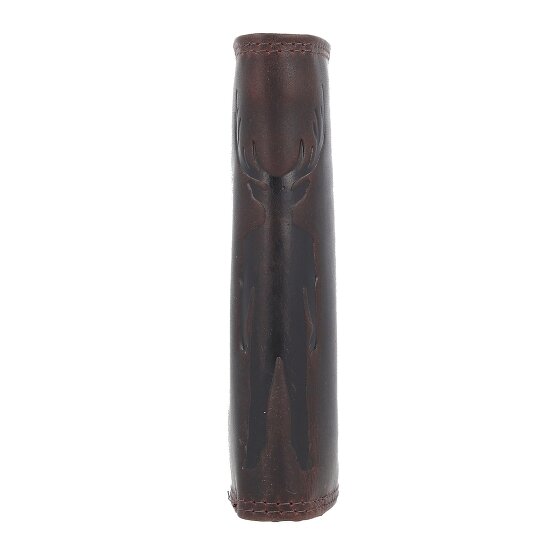Jack Kinsky Monterey Portemonnee RFID-bescherming Leer 10.5 cm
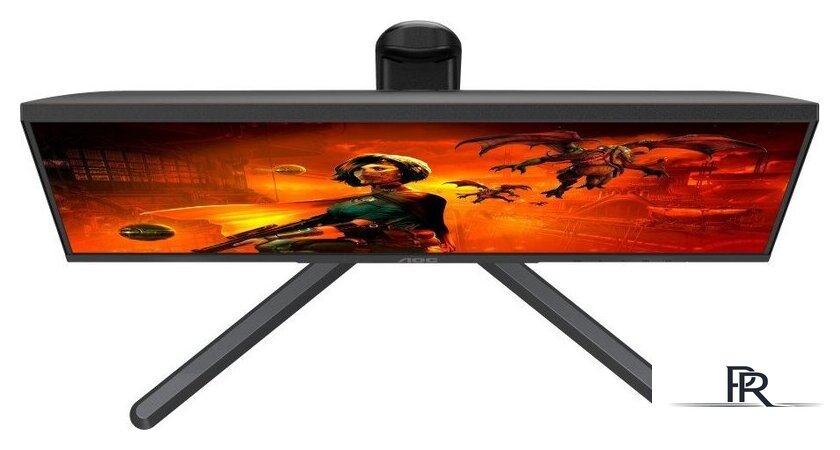 Игровой монитор AOC Gaming U27G3X - Изображение №2 — Интернет-магазин ПроЗаказ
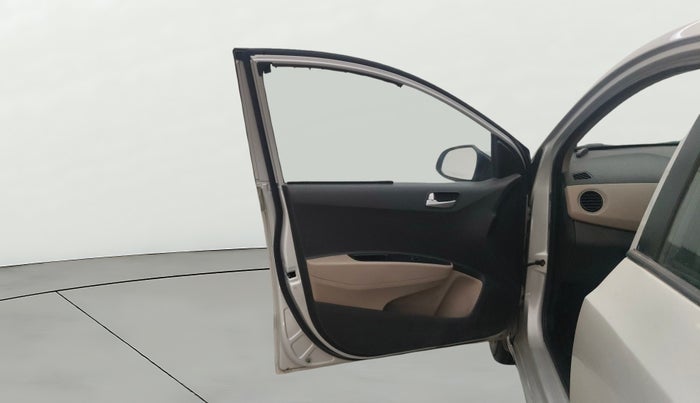 2015 Hyundai Xcent S 1.2, Petrol, Manual, 25,456 km, LHS Front Door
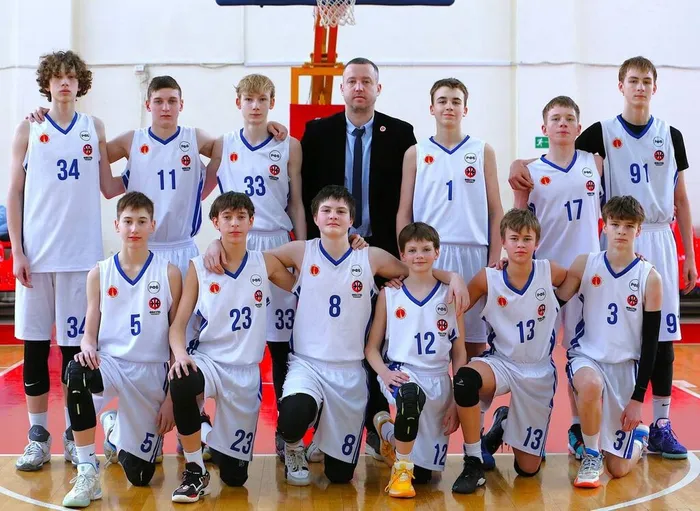 юноши 2012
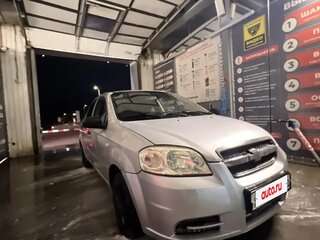 2008 Chevrolet Aveo I Рестайлинг, серебристый, 195000 рублей, вид 2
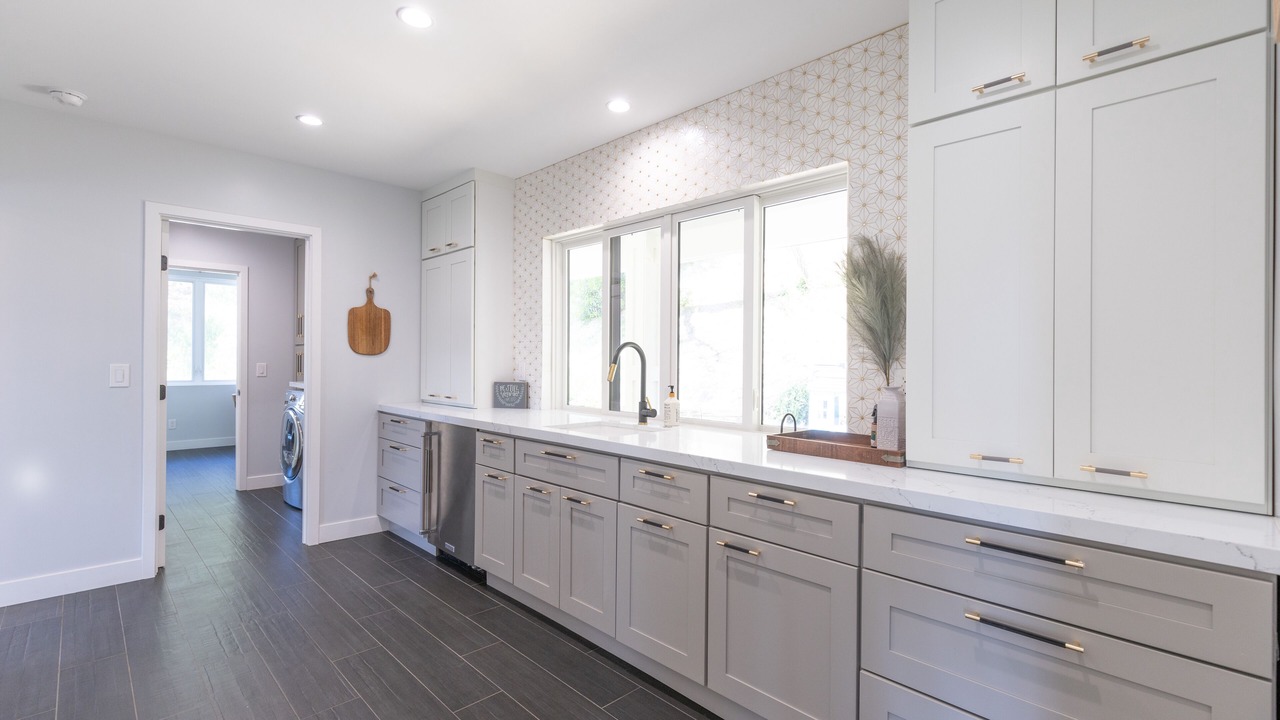 Photo of Kitchen in Monrovia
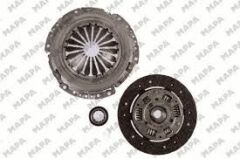 DEBRİYAJ SETİ (BASKI+DİSK) CADDY II-GOLF V-POLO-IB...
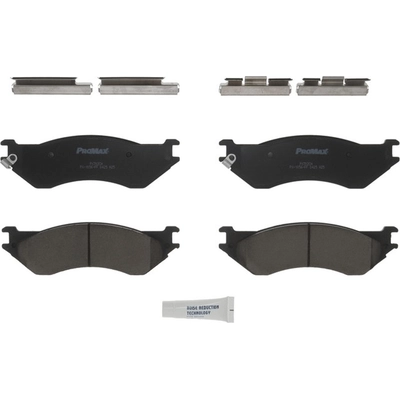 Front Premium Ceramic Pads by PROMAX - PX702CH pa2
⁂
### Exercise details:
Every line above should be returned exactly; the pictures stay out.

### Completed exercise:
Jack Kinsky Monterey Portemonnee RFID-bescherming Leer 10.5 cm
 Игровой монитор AOC Gaming U27G3X - Изображение №2 — Интернет-магазин ПроЗаказ
 2015 Hyundai Xcent S 1.2, Petrol, Manual, 25,456 km, LHS Front Door
 юноши 2012
 2008 Chevrolet Aveo I Рестайлинг, серебристый, 195000 рублей, вид 2
 Photo of Kitchen in Monrovia
 DEBRİYAJ SETİ (BASKI+DİSK) CADDY II-GOLF V-POLO-IB...
 Front Premium Ceramic Pads by PROMAX - PX702CH pa2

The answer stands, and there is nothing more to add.